Over 5 Million Printing Devices Sold in Central and Eastern Europe in 2016

According to the IDC Worldwide Hardcopy Peripherals Tracker  for the fourth quarter of 2016 (Q4 2016), the printer and multifunctional peripheral (MFP) market in the Central and Eastern Europe (CEE) region grew 1.9% in unit terms in 2016. This represents the first positive development since 2011, when the printing market started to decline. Unfortunately, this positive development does not represent a permanent rebound for the regional market or promise a long-term growth trend.

In fact, in line with global trends of digitalization and the related reduced demand for printing, IDC predicts a decline of the printing market in the more developed countries of the region, like Poland or the Czech Republic. Printing markets in Russia and the Commonwealth of Independent States (CIS) are expected to stabilize and grow only marginally. Close to 5.4 million printing devices were sold in the CEE region in 2016, with a total value of $ 1.4 billion, according to IDC’s Tracker. Every hour, over 600 printers or MFPs were sold.
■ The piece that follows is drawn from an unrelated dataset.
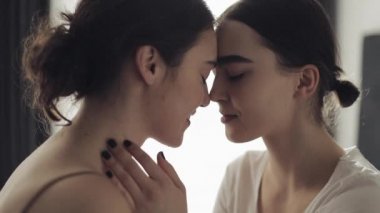 Mutlu lezbiyen çift kucaklayan her diğer ve Smiling at ev yüz için yüz içinde yavaş hareket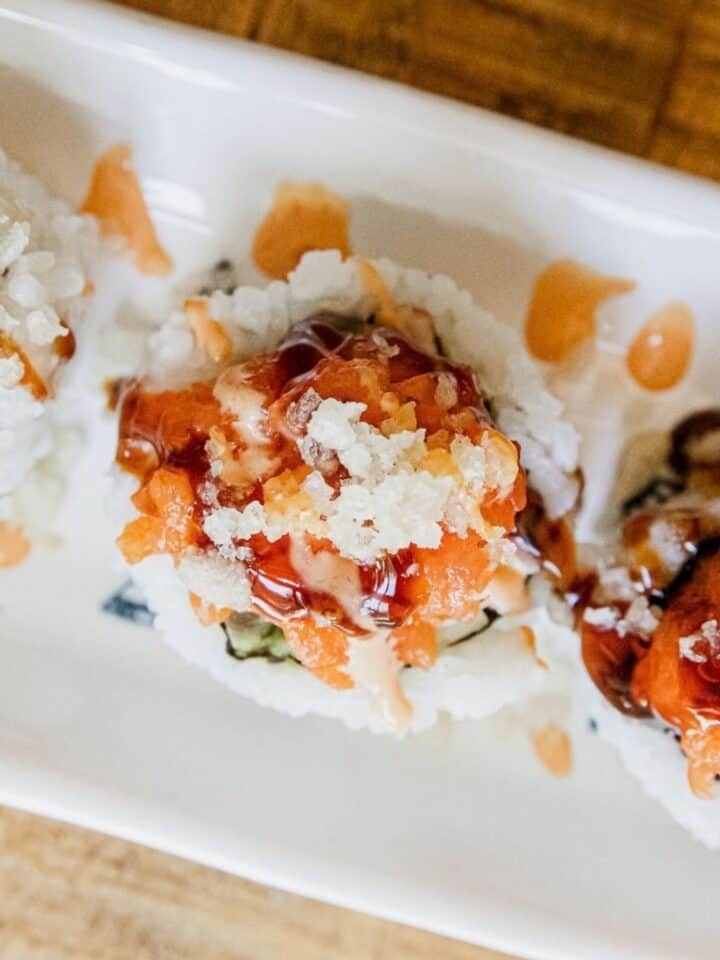 Close-up of spicy dynamite sushi rolls with sauce and toppings.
IDC surveyed over 600 companies in CEE, and, not surprisingly, hardware price ranked first. Duplex printing and scanning capability closely followed, reflecting changes in the market. With digitalization initiatives, MFPs are often viewed not only as output devices, but also as input devices, bridging the gap between the paper and digital worlds. Functions such as scan to email, scan to folder, scan to cloud, or scan to workflow help organizations in transition from paper to digital.

"The ongoing digitalization of paper-based processes in business, together with the increasing preference for electronic documents among both businesses and consumers, are expected to be the major inhibitors for sales of printing devices in developed CEE countries,” explains Ilona Stankeova, research director with IDC CEMA Imaging, Printing, and Document Solutions. “We expect a slow overall market decline in mature CEE countries like the Czech Republic or Poland, resembling the trend in the U.S. and Western Europe. That said, pockets of growth will exist, mainly for smart MFPs with advanced functions or low-cost-per-page devices.”

The Russian market for hardcopy peripherals stabilized in 2016 as vendors, channels, businesses, and consumers adapted to new economic conditions. IDC forecasts single-digit growth in the short term, backed by the slowly improving economy and necessary replacements of old devices. Growth will also be supported by import substitution, ruble stabilization, and expanding business contacts with partners in Asia and Latin America.